We had to be drunk when we said we'd stop drinkin'.

 I'm near the end of that Hank Williams biography by Colin Escott. He's married to Billie Jean Jones, so about two months are left in his life. Pretty sure he's cut every song he's ever going to record and "Jambalaya" is his bullet right now. Legend goes "I'll Never Get Out of This World Alive" was Number One when he died, but that's not so.

 Swear before God, this may be the most depressing thing I've read in I don't know how long. I know a lot about Hank Williams. Indeed, I wrote a thesis on his impact on Southern culture and pop music way back when. Nevertheless, this book has plumbed some depths even I didn't know existed. That poor bastard was a mess by the time he left, and much of it had little to do with his alcoholism. His back problems, spina bifida occulta, can lead to incontinence, so Ol' Hank went out pissing and shitting himself. I knew that, but I thought it was due to being a drunk. Goddamn.

 Don't get it twisted, he was a full-on drunk and had been since around 14 or so. My father and grandfather both were alcoholics, so what I'm reading is awfully familiar. He'd do just fine for weeks at a time but inevitably fell off the wagon. And when he drank, he drank himself into a coma, not just occasionally, but every time. He wasn't a fun drunk, either, and would get mean as a rattlesnake when he got plastered. Fortunately, he couldn't handle his liquor so it didn't take long.
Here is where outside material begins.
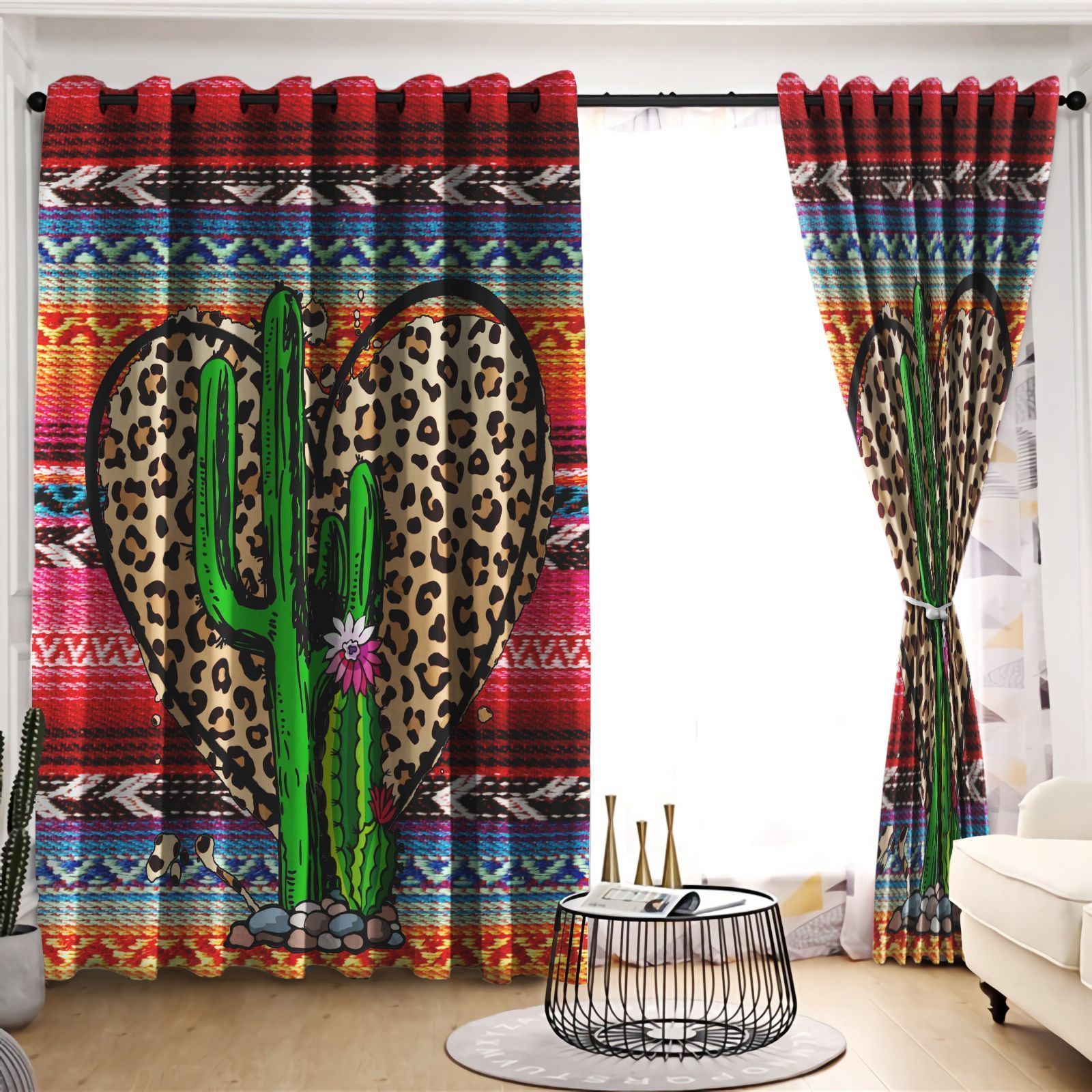 cactus printed window curtains home decor 1297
 His story is a pretty damn sad one. As a working musician, he only had maybe a half-dozen years and only just over four of those were recorded. He was a pain in the dick to work for and with, but if promoters or A&R men or whoever could take advantage of him, they did. Miss Audrey was a harridan and couldn't carry a tune in a bucket, but goddamn, she put up with a lot of shit. More shit than she deserved, that's for damn sure.
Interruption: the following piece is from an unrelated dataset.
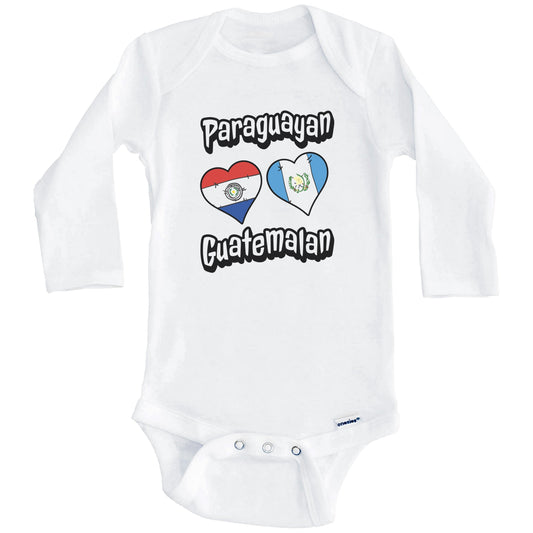 Paraguayan Guatemalan Flag Heart Combo Paraguay Guatemala Baby Bodysuit (Long Sleeves)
 I didn't know he flirted with movies, either, but he did. He was signed to a contract with MGM but ducked the film, which was... well, I don't know. One of his undeniable strengths was his ability to hold an audience in the palm of his hand - when he was sober, anyway - so maybe it would've worked. Probably not, though.

 It's often wondered how things would've been had Ol' Hank not been such a nightmarish drunk, but I don't know if you can separate that from him and he'd still be Hank Williams. His appeal was partly based on the pure misery and heartsick in his voice. Buddha's First Noble Truth in human form. Hank Jr. was, as my doctor said of me, disgustingly healthy and is a big bear of a man. Apparently, he was a 10-pound baby, so he was big from the start. Hank III is a healthy lad, too, though his vocal semblance to his grandfather is superficial and mostly a put-on. He sounds more like Wayne Cochran, in any event.
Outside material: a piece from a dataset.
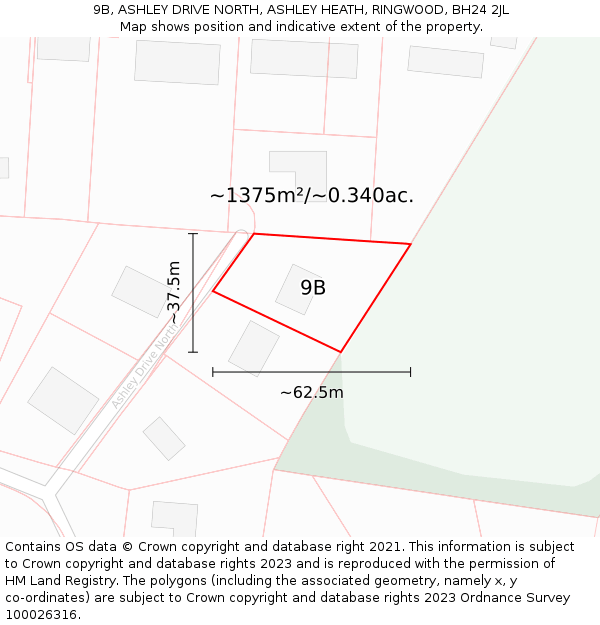 9B, ASHLEY DRIVE NORTH, ASHLEY HEATH, RINGWOOD, BH24 2JL: Plot and title map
 Anyhow. I don't know where to go from here except I'll be glad when I finish that damn book. I love me some Hank Williams and find his story fascinating, but it is depressing as hell. Video game-wise, I've been fooling with the Shadowrun computer games along with the Ultima series. For those who don't know, it's from a tabletop RPG where the sitting is a cyberpunk world after - and partly caused by - magic reentering the world, along with elves and dwarves and trolls and all that. A fun RPG in a rich world with turn-based combat and an isometric top-down view. Check it out.

 That's a good place to twist it off, I think. As always, if I come up with something interesting, I'll come back. And, as always, it probably won't happen.